Wednesday, February 27, 2013

Entrok = Bra



Entrok adalah sebuah novel fiksi sejarah karya Okky Madasari, belatarkan tempat di daerah Jawa pada era 1950-1994. Entrok sendiri merupakan bahasa daerah lokal yang berarti pakaian dalam wanita (bra). Arti entrok sudah dapat saya duga ketika melihat sampul novel yang bergambarkan punggung wanita yang sedang membuka pakaian dalamnya ini. Dengan design sampul horizontal yang cukup menarik dan berbeda dari buku-buku pada umumnya, novel ini berhasil menarik saya untuk membelinya tanpa berfikir panjang.

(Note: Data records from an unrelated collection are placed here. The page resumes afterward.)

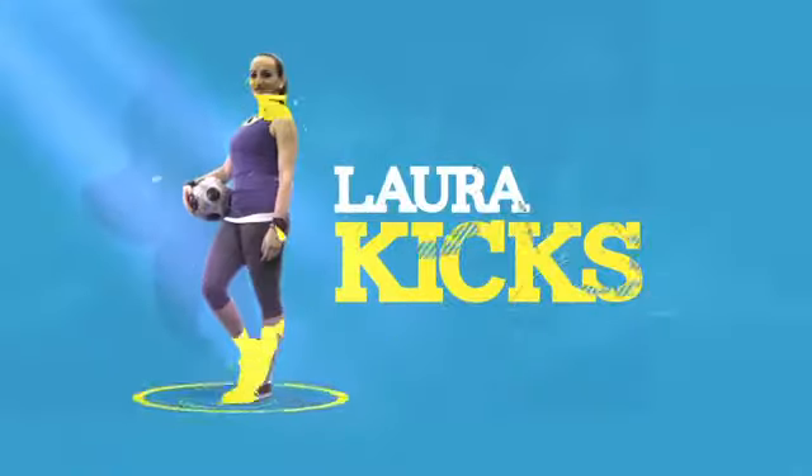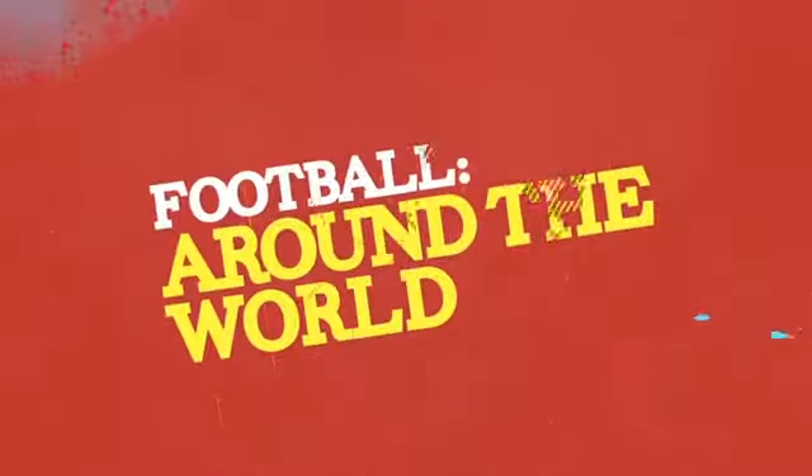Hi guys, this is Laura Cakes and these are my Skills Uncovered. Now it's time for the main trick in football freestyle, the Around the World. Check it out.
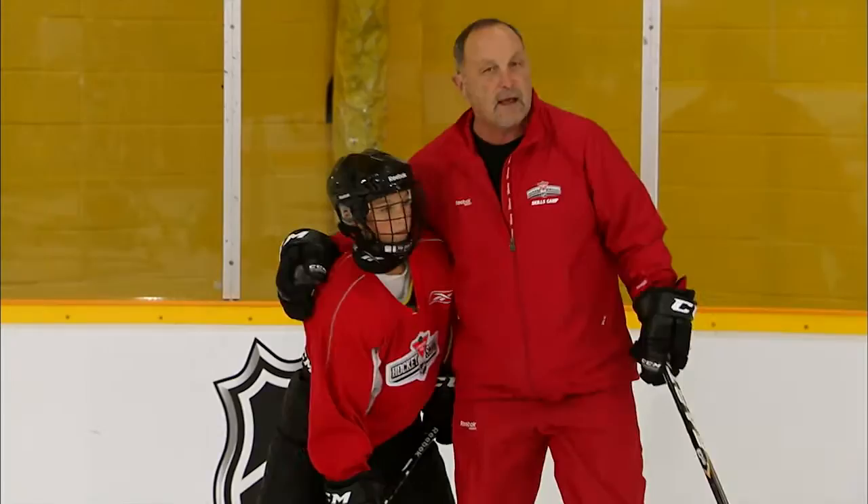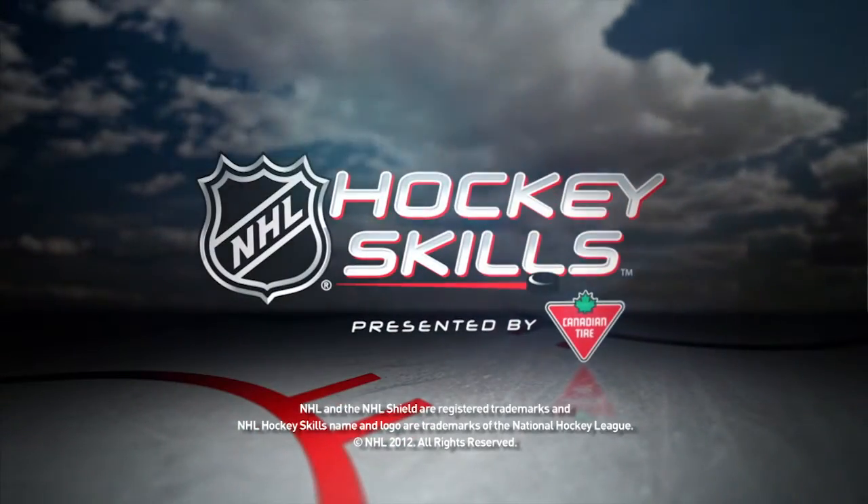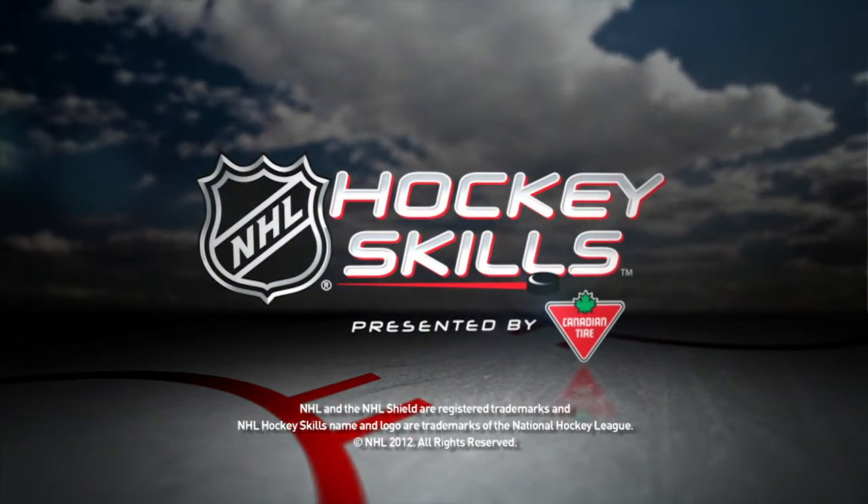Well done. Be sure to check back for more NHL Hockey Skills presented by Canadian Tire on NHL.com.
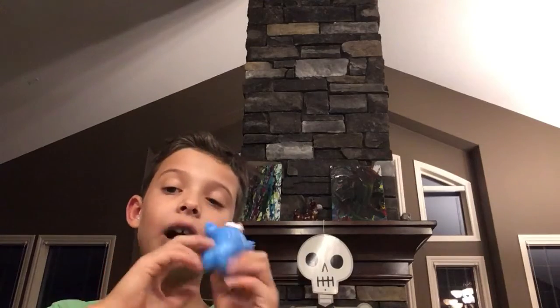Whoa guys, you got this guy. Let's read the instructions guys. So the instructions say: throw it, squeeze it, whack it, stick, whack it, watch it, stick.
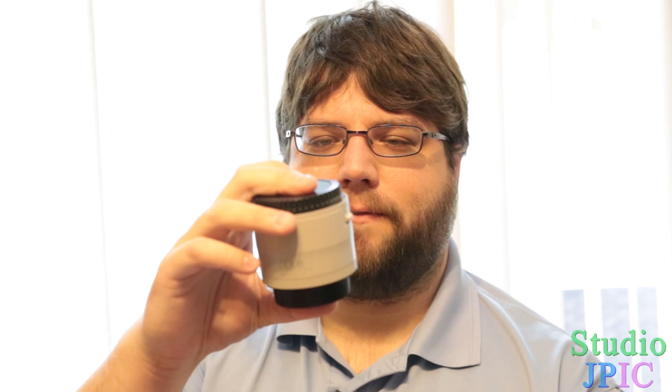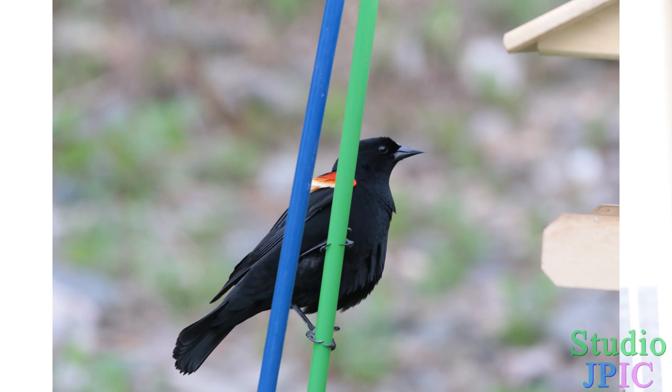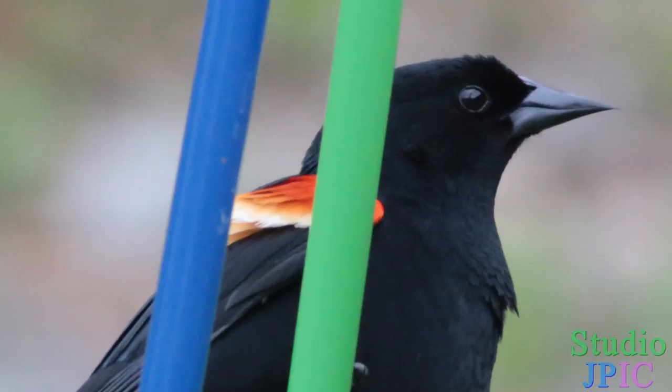Hi, this is JP LaForest from Studio JPEG. In this video, I'll be doing a review of the Canon Extender EF 2X version 3. I rented this along with a Canon 400mm f5.6 lens, which I have over here, and also with the Canon 1.4x teleconverter. I have a bird feeder behind me, and I wanted to do some photography and videography with it. I rented those three pieces of equipment for 10 days to test the lens by itself and to see how it works with the teleconverters.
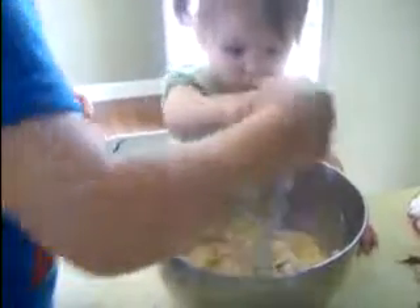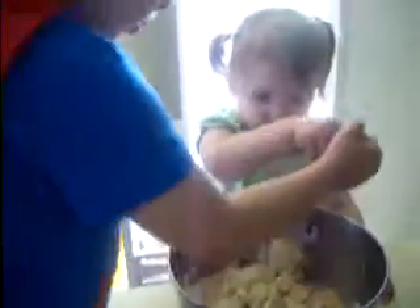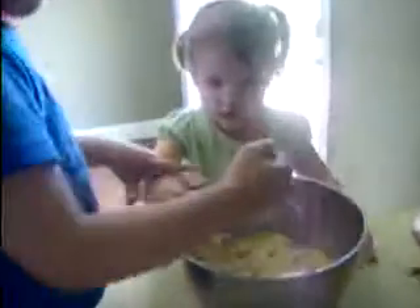Whoa. Mikey, do it with you. That's nice. Mikey's helping. Come on!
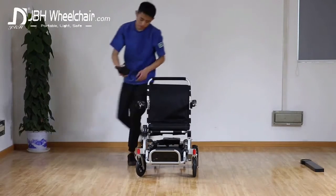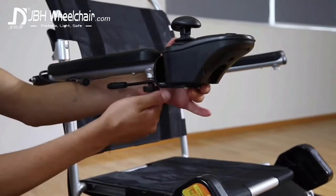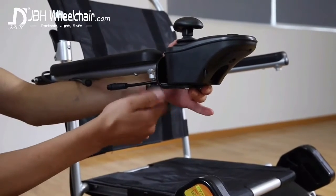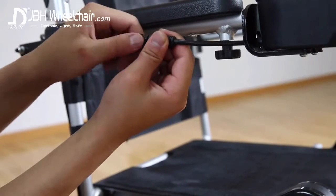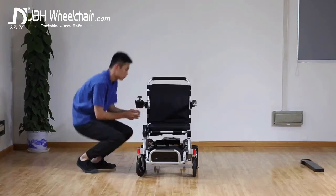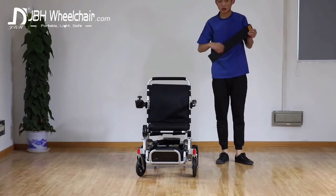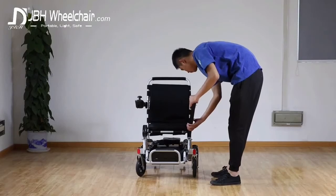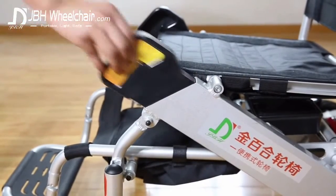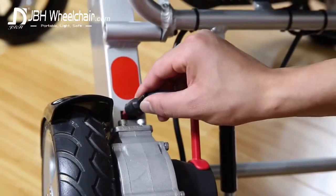The joystick has a simple screw-on mechanism which is easy to access but ensures the connection will not be lost even on the bumpiest of roads. The cleverly placed armrest battery simply slips into place in one easy movement, and this then plugs snugly into the chair body.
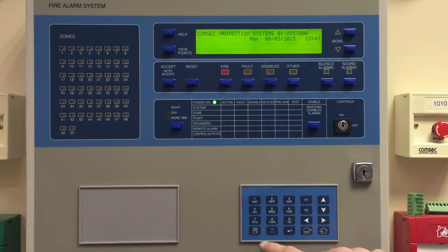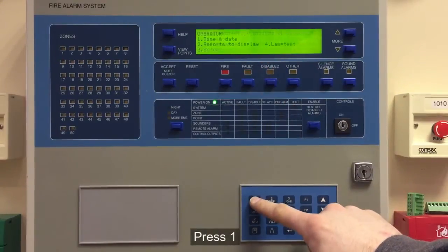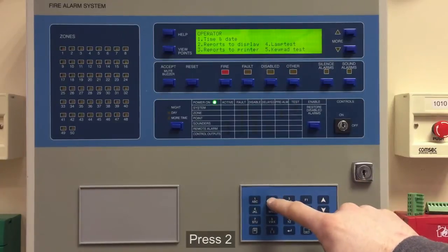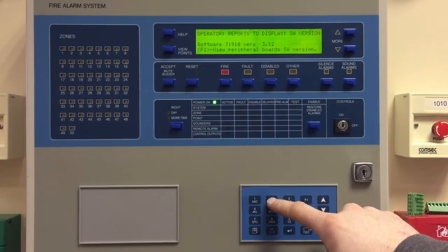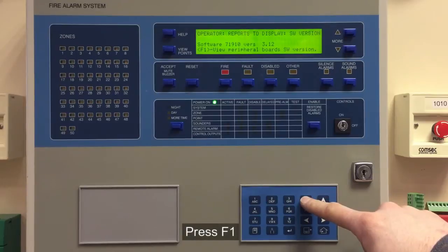Sometimes it can be useful in the office if we know what you have installed. Go to Menu, then one for Operator, two for Reports to display, and then two for Software Version. Here we can see it's version 3.12. If you need to know what's on your peripheral boards, you can push F1.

Novel ini bercerita tentang hubungan Ibu dan anak perempuannya selama dua generasi dengan tokoh utama dari generasi kedua yaitu sang Ibu (Marni) dan anak perempuannya (Rahayu). Cerita berawal sejak Marni masih muda bersama ibunya. Dikisahkan Marni muda adalah seorang gadis dari keluarga miskin yang sangat mendambakan sebuah entrok yang pada saat itu harganya masih sangat mahal. Dengan berbagai upaya Marni berusaha keras untuk dapat membeli sebuah entrok.



Tumbuh dewasa dan menikah, akhirnya Marni memiliki seorang anak perempuan bernama Rahayu yang menjadi putri kesayangan sekaligus “musuh” yang selalu memeranginya. Marni adalah penganut kepercayaan leluhur sedangkan Rahayu adalah pemeluk agama yang taat dan sangat membenci kepercayaan Marni yang dianggap “musyrik”. Tokoh Marni digambarkan sedemikian rupa hingga membuat saya memandang sesuatu yang dianggap “dosa” sebagai sebuah hal yang seharusnya dihargai. Dengan penjabaran situasi dan keadaan yang cukup mendetail, novel ini memberikan saya gambaran yang berbeda mengenai kehidupan masyarakat Indonesia di masa lalu.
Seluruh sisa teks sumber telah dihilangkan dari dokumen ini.